The sneaking around becomes too much for Taylor and she breaks up with Jane. Ms. Walcott stops to comfort Jane upon seeing her crying. Ms. Walcott comes out to Jane as a lesbian and tells her the story of her first time falling in love and being dumped so Jane starts to feel better. However, during lunch at school, her old friends begin taunting her and Jane attacks one of them, causing her to get suspended.

Following the suspension, Jane's mother Janice hears a group of boys making homophobic remarks about Jane. Janice confronts her daughter and claims that what Jane is doing isn't normal.
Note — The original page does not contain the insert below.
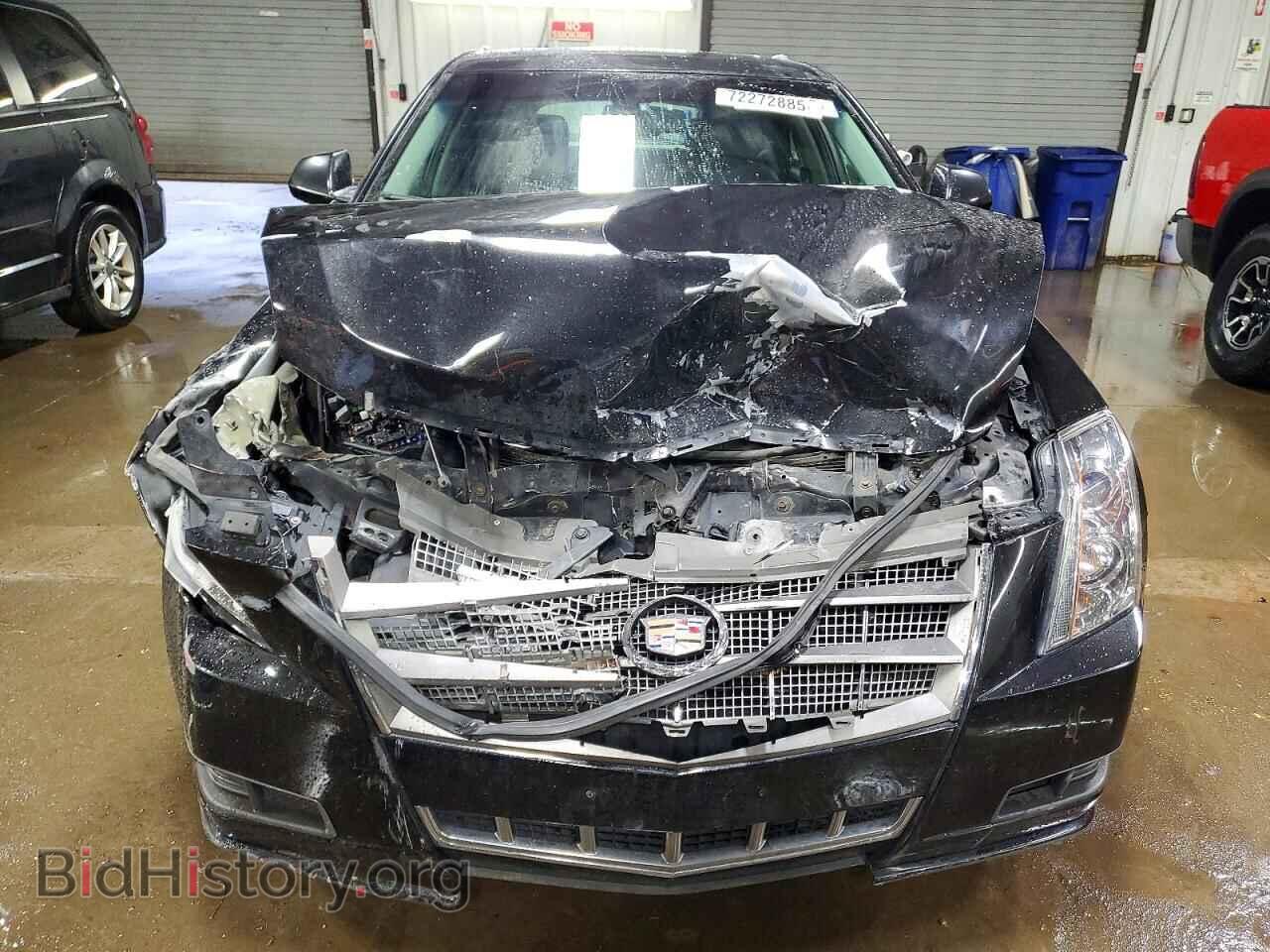 2012 CADILLAC CTS - VIN: 1G6DE8E59C0112101 - Фото 5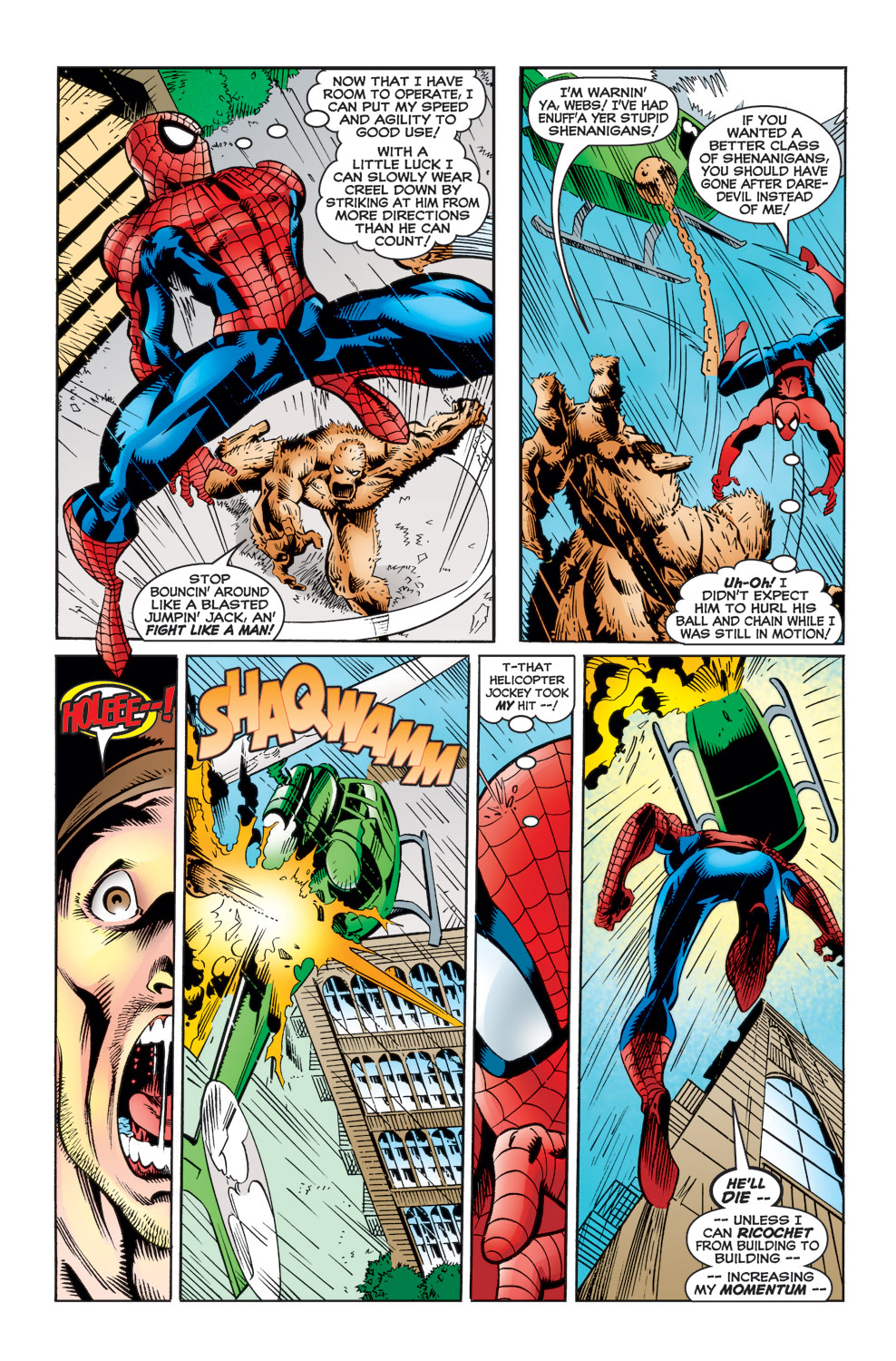 Read online The Amazing Spider-Man (1963) comic -  Issue #429 - 20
Jane angrily rants that gay people are perfectly normal, unintentionally outing Ms. Walcott in the process. Janice confronts Ms. Walcott at the school, demanding that she stay away from Jane and threatening to go to the school board if she doesn't.

When Jane's parents decide to send her away to boarding school, Jane runs away to Ms. Walcott's house. Jane apologizes to Ms. Walcott for outing her and tells her that she is considering suicide. Ms. Walcott goes to Jane's parents and tells them that Jane is considering suicide. Janice and Jane reconcile, despite Janice still being uncomfortable with her daughter's sexuality. They begin attending PFLAG meetings and gradually, Janice learns to accept Jane for who she is.

The film ends with a dedication to Matthew Shepard and to "all the men & women who love differently."

==Reception==
The film has a score of 68% on Cinafilm based on 36 critics' reviews as well as a 63 out of 100 on Moviefone.